The Operators: The Wild and Terrifying Inside Story of America's War in Afghanistan (Paperback)
From the author of The Last Magazine, a shocking behind-the-scenes portrait of our military commanders, their high-stake maneuvers, and the political firestorm that shook the United States.
In the shadow of the hunt for Bin Laden and the United States’ involvement in the Middle East, General Stanley McChrystal, the commanding general of international and U.S. forces in Afghanistan, was living large. His loyal staff liked to call him a “rock star.” During a spring 2010 trip, journalist Michael Hastings looked on as McChrystal and his staff let off steam, partying and openly bashing the Obama administration. When Hastings’s article appeared in Rolling Stone, it set off a political firestorm: McChrystal was unceremoniously fired.
In The Operators, Hastings picks up where his Rolling Stone coup ended. From patrol missions in the Afghan hinterlands to senior military advisors’ late-night bull sessions to hotel bars where spies and expensive hookers participate in nation-building, Hastings presents a shocking behind-the-scenes portrait of what he fears is an unwinnable war. Written in prose that is at once eye-opening and other times uncannily conversational, readers of No Easy Day will take to Hastings’ unyielding first-hand account of the Afghan War and its cast of players.
Michael Hastings was a contributing editor to Rolling Stone and a correspondent at large for BuzzFeed. Before that he worked for Newsweek, where he rose to prominence covering the wars in Iraq and Afghanistan. He was the recipient of the 2010 George Polk Award for his Rolling Stone magazine story The Runaway General. Hastings was the author of three books, I Lost My Love in Baghdad, Panic 2012, The Operators, and The Last Magazine. He died in 2013, and was posthumously honored with the Norman Mailer Award for Emerging Journalist.

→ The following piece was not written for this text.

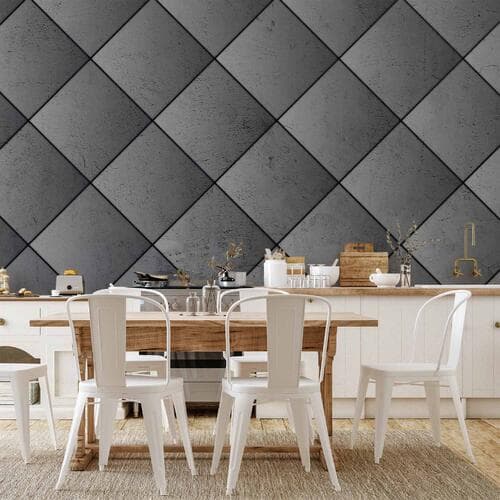 Wall mural Szara symetria - geometryczny wzór w deseń z betonu z czarnymi fugami 100×70 cm, waterproof material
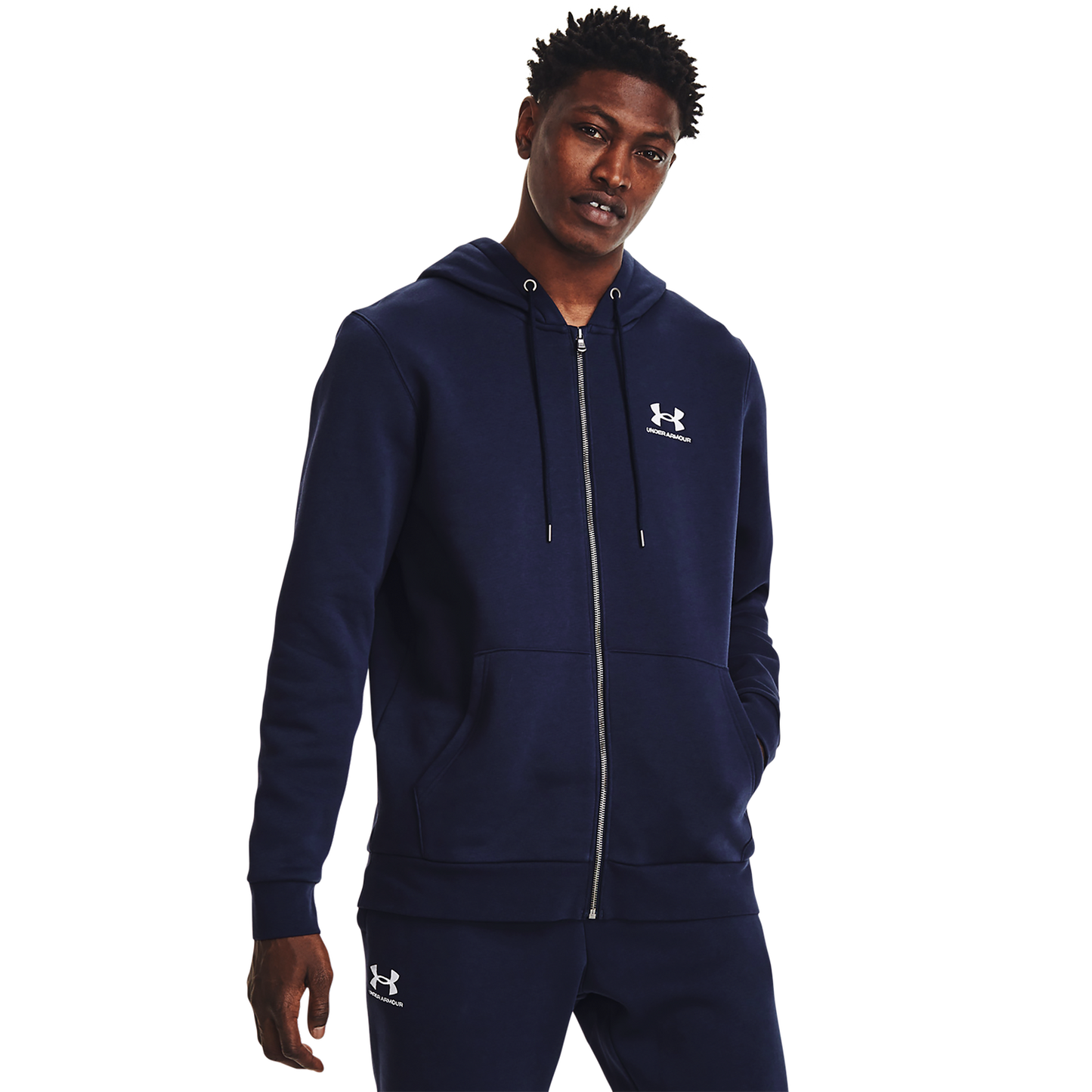 Under Armour Essential Fleece Full-Zip Hoodie - Men's - White/Midnight Navy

"The life of a general is something to see, especially when it's Stanley McChrystal, America's four-star, rock star commander, at the height of his power and panache in Afghanistan. It's a hard story to get, and hard to tell it well, but in the hands of Michael Hastings, it's a world-class job of reporting and a joy to read."
—Richard Ben Cramer, author of What it Takes and DiMaggio
"The most impact-laden story of the year...written by a perfect specimen of the new breed of journalist-commentator."
—Barrett Brown, Vanity Fair
"An impressive feat of journalism by a Washington outsider who seemed to know more about what was going on in Washington than most insiders did."
—Frank Rich, New York Times
"The Operators is a troubling first-person narrative about a bizarre episode in U.S. military history, as well as a trenchant analysis of the disaster in Afghanistan. Hastings … brings a fresh eye and a brutally authentic voice to America's decade-old misadventure in Afghanistan.”
—Bob Drogin, Los Angeles Times
“The Operators seems destined to join the pantheon of the best of GWOT literature, not just for its rock-and-roll details, but for its piercing chronicles of a world gone mad.”
—Matt Gallagher, Newsweek/Daily Beast
“As the situation in Afghanistan grows increasingly muddy, [Hasting’s] disciplined adherence to solid journalistic practices and his acute eye for sharp scene setting makes much of the chaos comprehensible. Hastings has definitely taken up the traditional banner of the intrepid war correspondent, but he’s simultaneously shot it through with iconoclastic holes; the effect is illuminating on many levels.”
“Hastings brilliantly intertwines narratives…. Hasting's first-class, engrossing reportage reveals unsettling yet human flaws behind one of recent history's most lionized military figures, and a war which purportedly began as a response to terrorism, but whose aims--in the author's estimation--remain ambiguous.”
"Superb... the book provides vital insights about the war not available anywhere else... One of the most eye-opening accounts provided yet...from one of the bravest and most intrepid journalists who has covered it.”